Hemingway also reminds readers that in Washington, smoke doesn’t necessarily equate to fire. Be sure to read all of Mark’s article to see where Fusion GPS usually lands on the political spectrum, though.
Update: This seems a little more hostile:
FBI agents raided the Alexandria home of President Trump’s former campaign chairman late last month, using a search warrant to seize documents and other materials, according to people familiar with the special counsel investigation into Russian meddling in the 2016 election.
Federal agents appeared at Paul Manafort’s home without advance warning in the predawn hours of July 26, the day after he met voluntarily with the staff for the Senate Intelligence Committee.
The search warrant was wide-ranging and FBI agents working with special counsel Robert S. Mueller III departed the home with various records.
This could be a bit problematic, however:
The raid came as Manafort has been voluntarily producing documents to congressional committees investigating Russia’s interference in the 2016 presidential election. The search warrant indicates investigators may have argued to a federal judge they had reason to believe Manafort could not be trusted to turn over all records in response to a grand jury subpoena.
If that’s how they got the search warrant, they may be in trouble if they plan to use what they found. Assuming Manafort has fully cooperated as he claims, then he could challenge that warrant on the basis of misrepresentation and keep anything the FBI got from the search from use in court. It’s probably a long shot, but it’s certainly a possibility. It might also create some political headaches for Mueller. However, we do know from the original story that it didn’t stop Manafort from producing documents this week, and maybe motivated him to cooperate more fully.
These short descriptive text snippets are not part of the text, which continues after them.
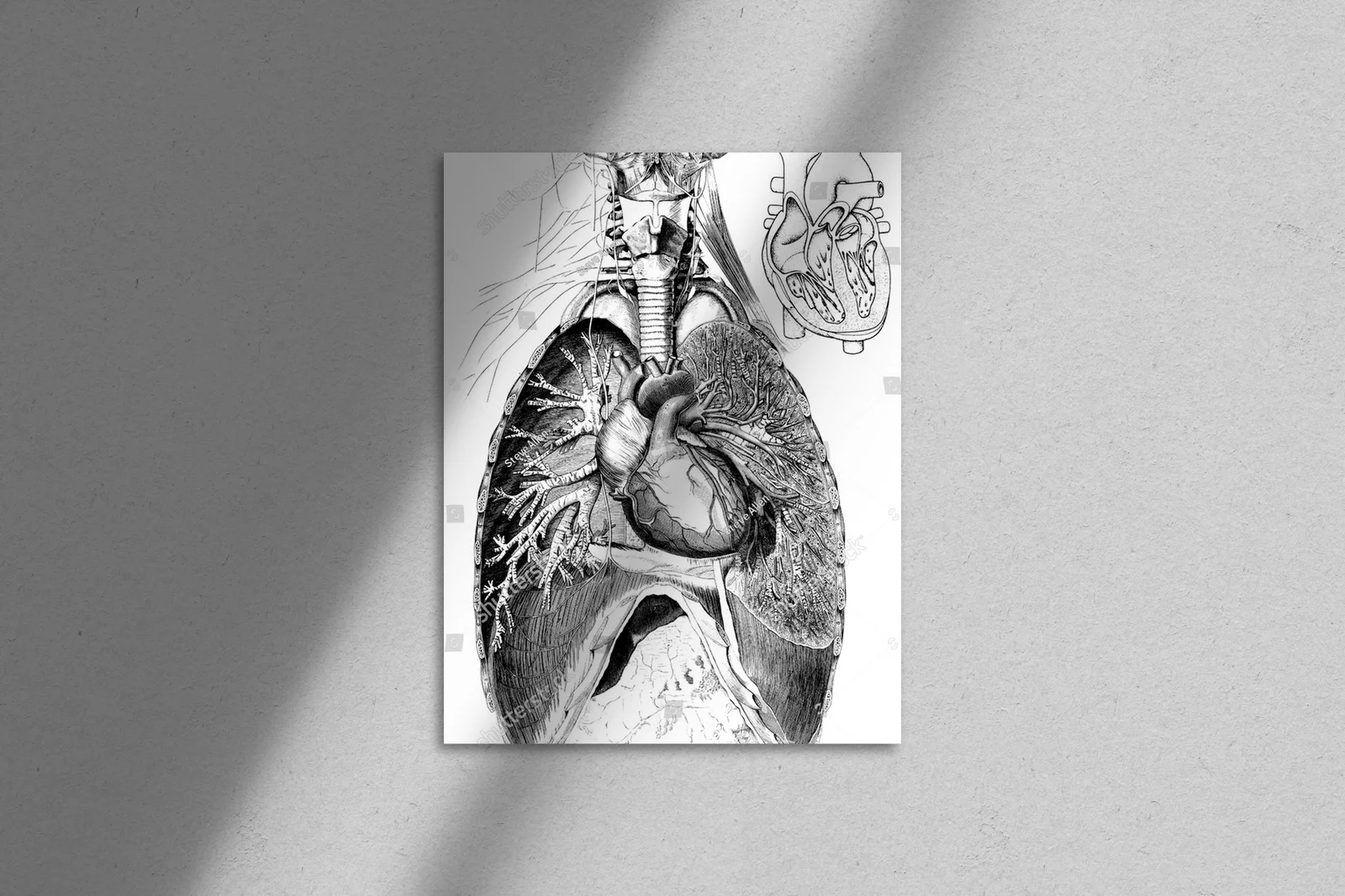 Wiktoriańskie ilustrowane tajemnice anatomii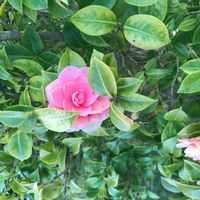 La maison de Karine et Xavier et leurs enfants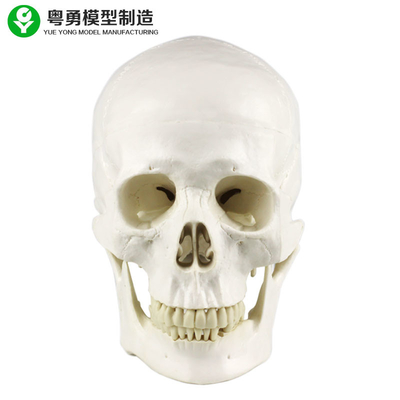 인체 해부학 두개골 모형/해부학 유형 실물 크기 의학 두개골 모형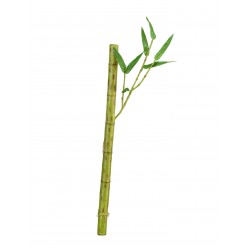 Бамбук стебель длинный светло-зеленый с веточкой 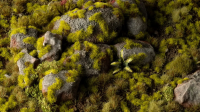 Gamer`s Grass: Moss 2mm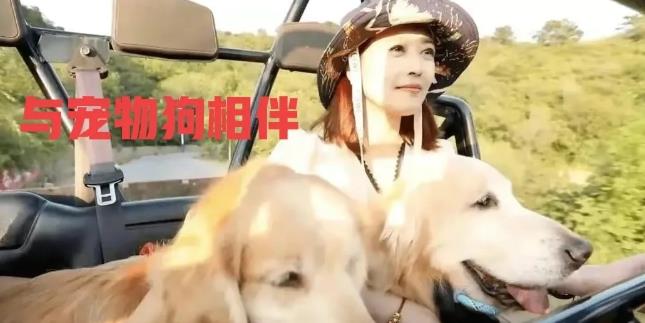 周海媚巨额财富，面临无人继承的尴尬！ 周海媚生前在北京顺义后沙峪区拥有一幢价值上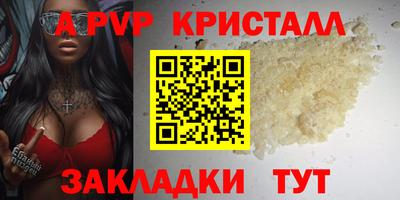 шишки Будённовск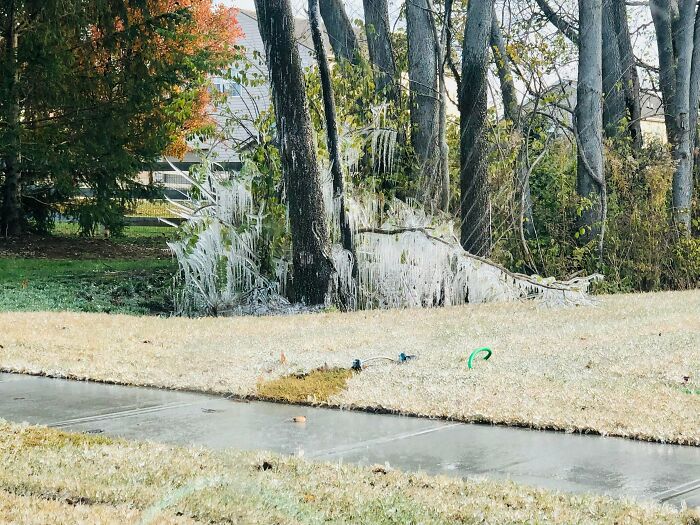 Neighbor Left Lawn Sprinkler On During A Freeze Leaving A Satisfying Ice Sculpture In The Front Yard, How Beautiful And Festive For The Holidays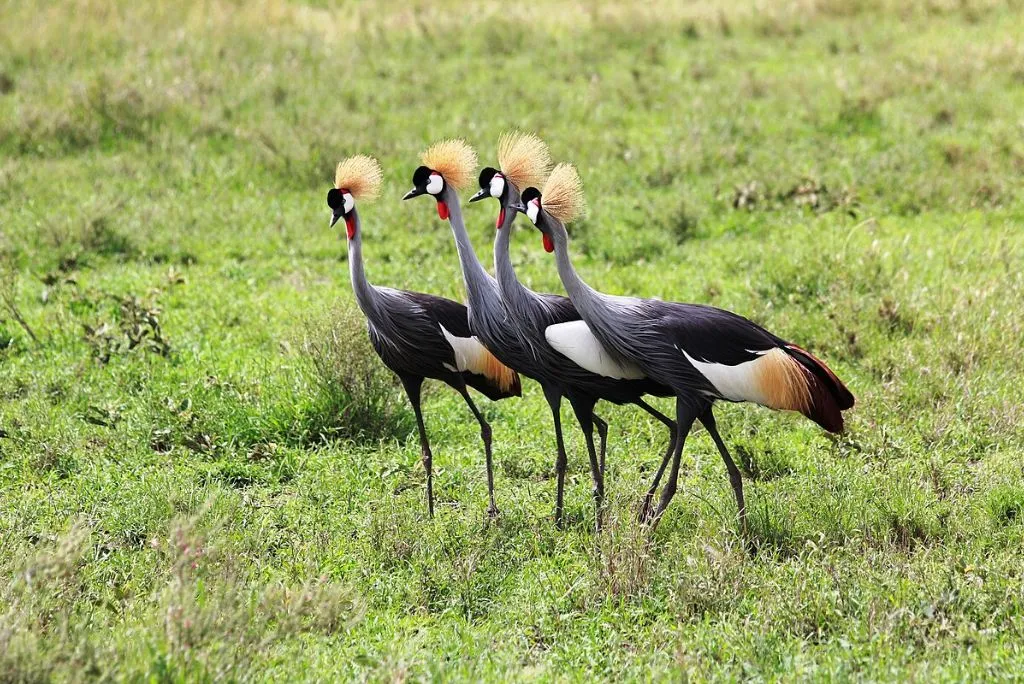 Birding Safari Tanzania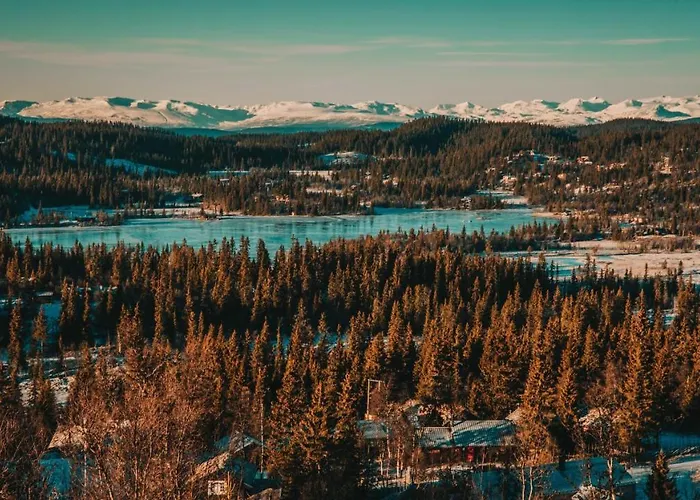 Danebu Kongsgaard - Boutique 3* Aurdal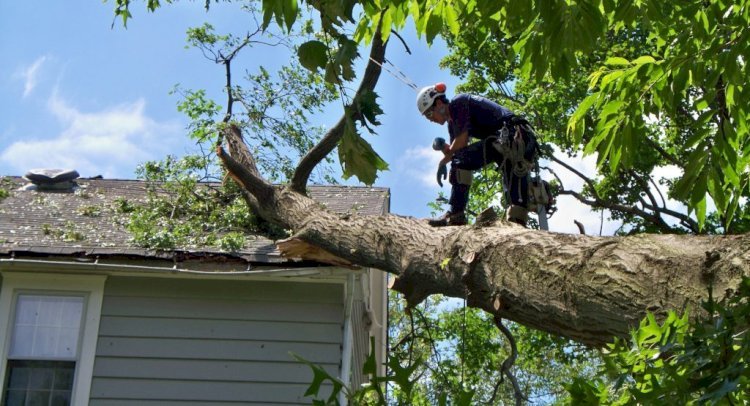 What Situations Require Emergency Tree Removal?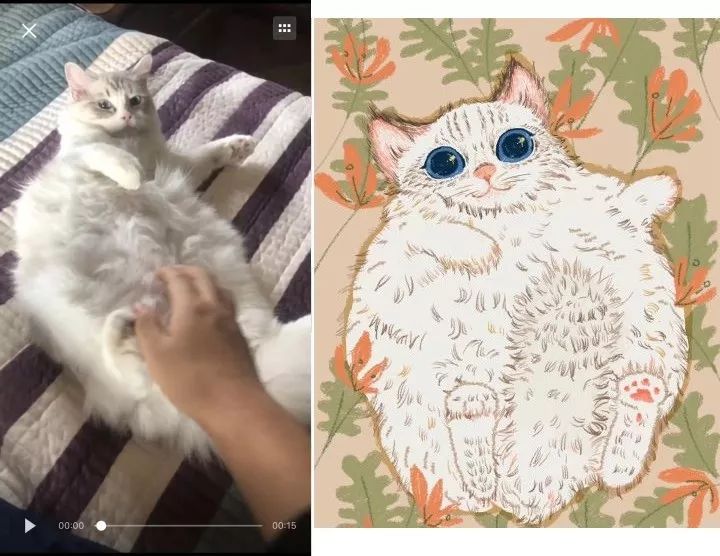“短视频云养猫，在家就能轻松赚钱！”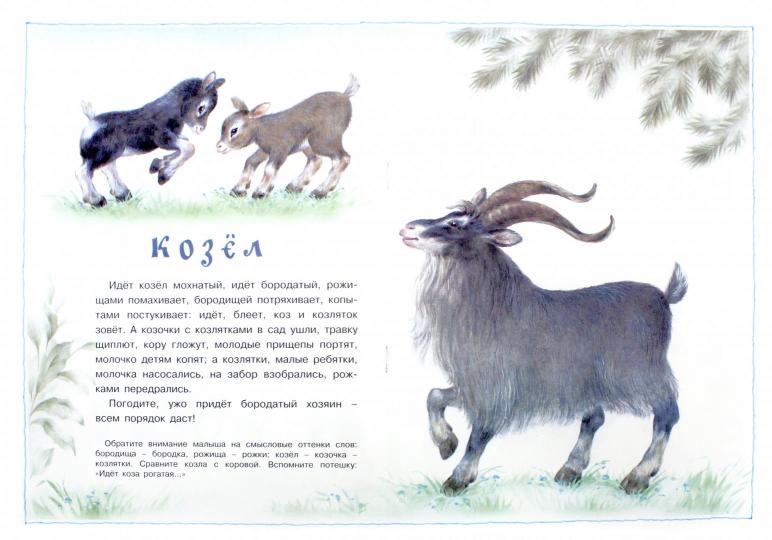 Для самых-самых маленьких. Жили у бабули (для детей 2-4 лет)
One White House source told the Washington Post that they didn’t get anything new from the raid. “If the FBI wanted the documents, they could just ask [Manafort] and he would have turned them over.” Now they won’t have to guess at it, but that raises another question: did they try asking for them? The Senate Judiciary Committee did, and got them. Hmmmm.
Update: This also makes the question of cooperation between Judiciary and Mueller even more interesting. At least on the surface, it appears that they’re overlapping each other, which complicates matters in a criminal investigation. Did Judiciary know about the raid ahead of time? Probably not, but they’re also probably fortunate that Manafort is still cooperating with them after it. You’d expect the target of a raid to lawyer up.
On the other hand, it’s also true that conducting a raid on Manafort strongly suggests that Mueller has taken a serious interest in his activities. Whether that’s connected to the campaign, or to his earlier work as a then-undeclared foreign agent prior to the campaign, will come out later, presumably.